Source records:

------------------------

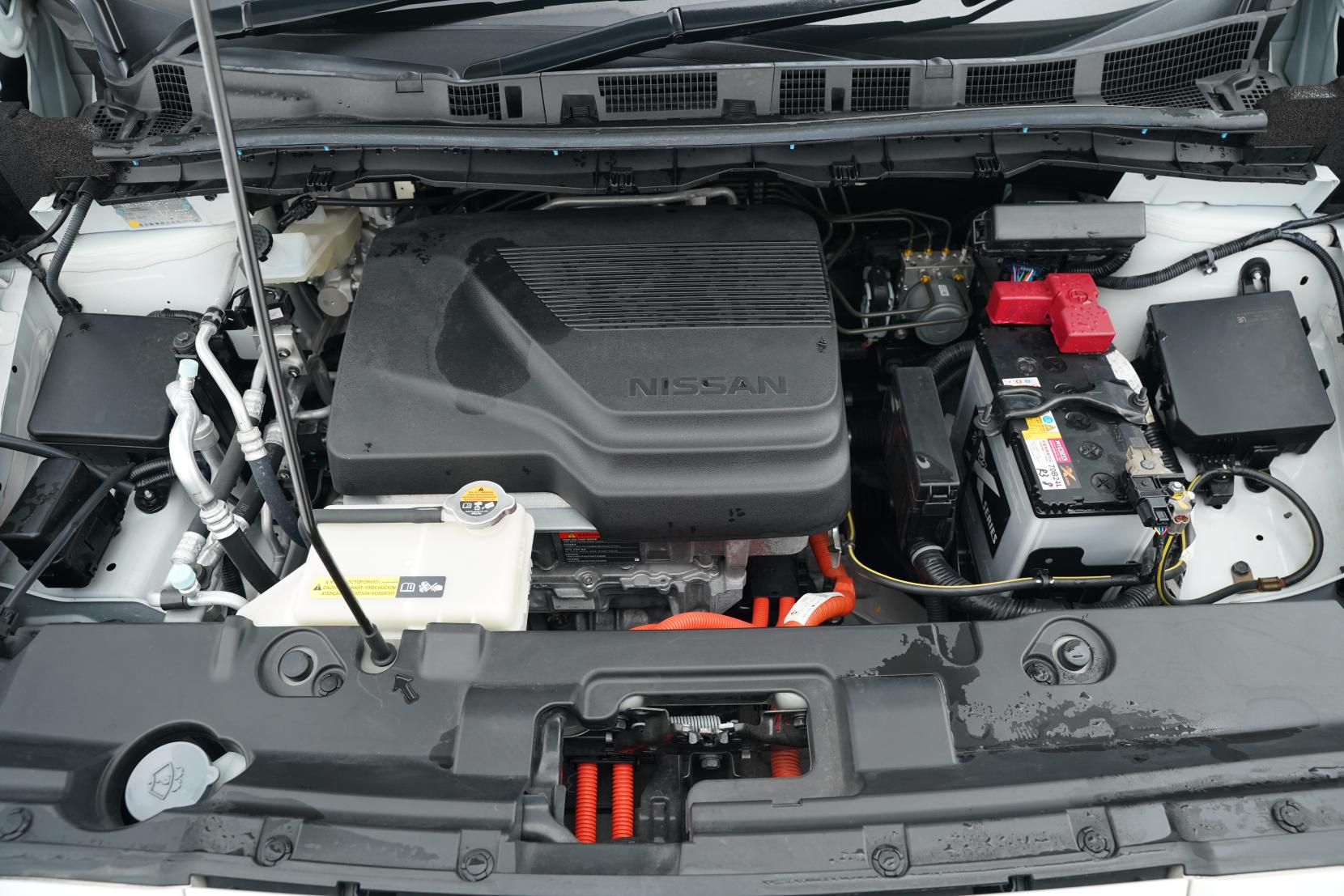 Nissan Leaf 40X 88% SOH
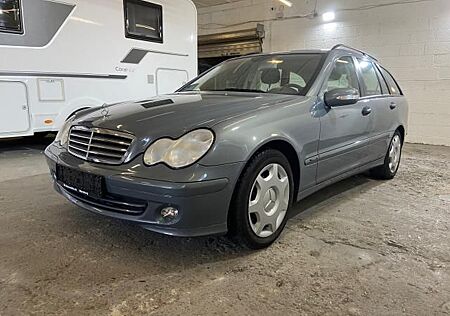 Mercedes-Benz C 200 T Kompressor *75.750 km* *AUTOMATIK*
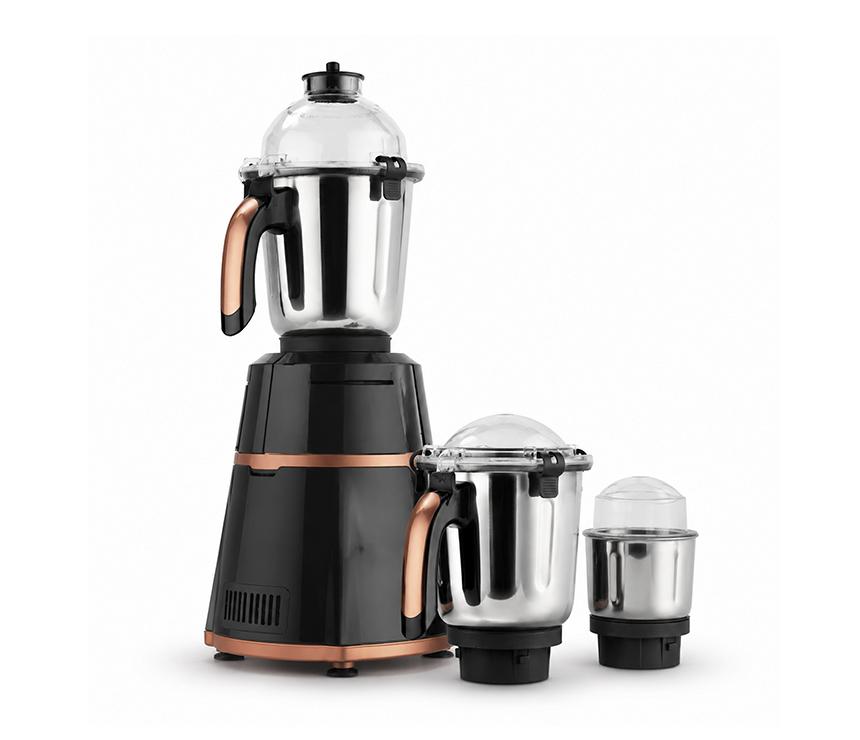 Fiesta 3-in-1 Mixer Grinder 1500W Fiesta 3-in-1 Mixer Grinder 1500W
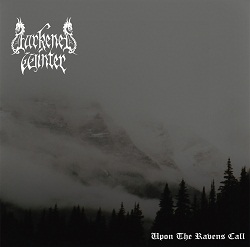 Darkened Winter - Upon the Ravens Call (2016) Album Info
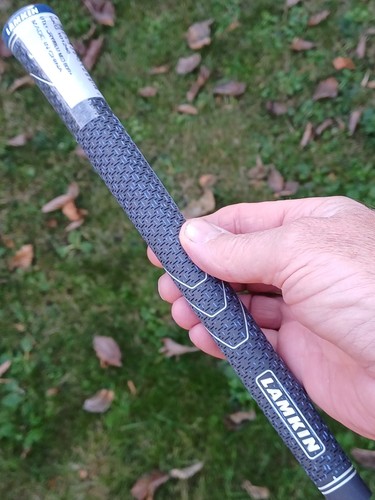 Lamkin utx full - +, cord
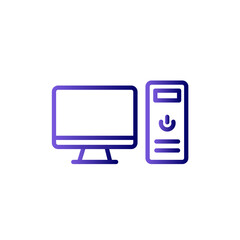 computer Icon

------------------------

These entries are to be printed again word for word, except for the pictures.

Output of the exercise:
 Nissan Leaf 40X 88% SOH
 Mercedes-Benz C 200 T Kompressor *75.750 km* *AUTOMATIK*
 Fiesta 3-in-1 Mixer Grinder 1500W Fiesta 3-in-1 Mixer Grinder 1500W
 Darkened Winter - Upon the Ravens Call (2016) Album Info
 Lamkin utx full - +, cord
 computer Icon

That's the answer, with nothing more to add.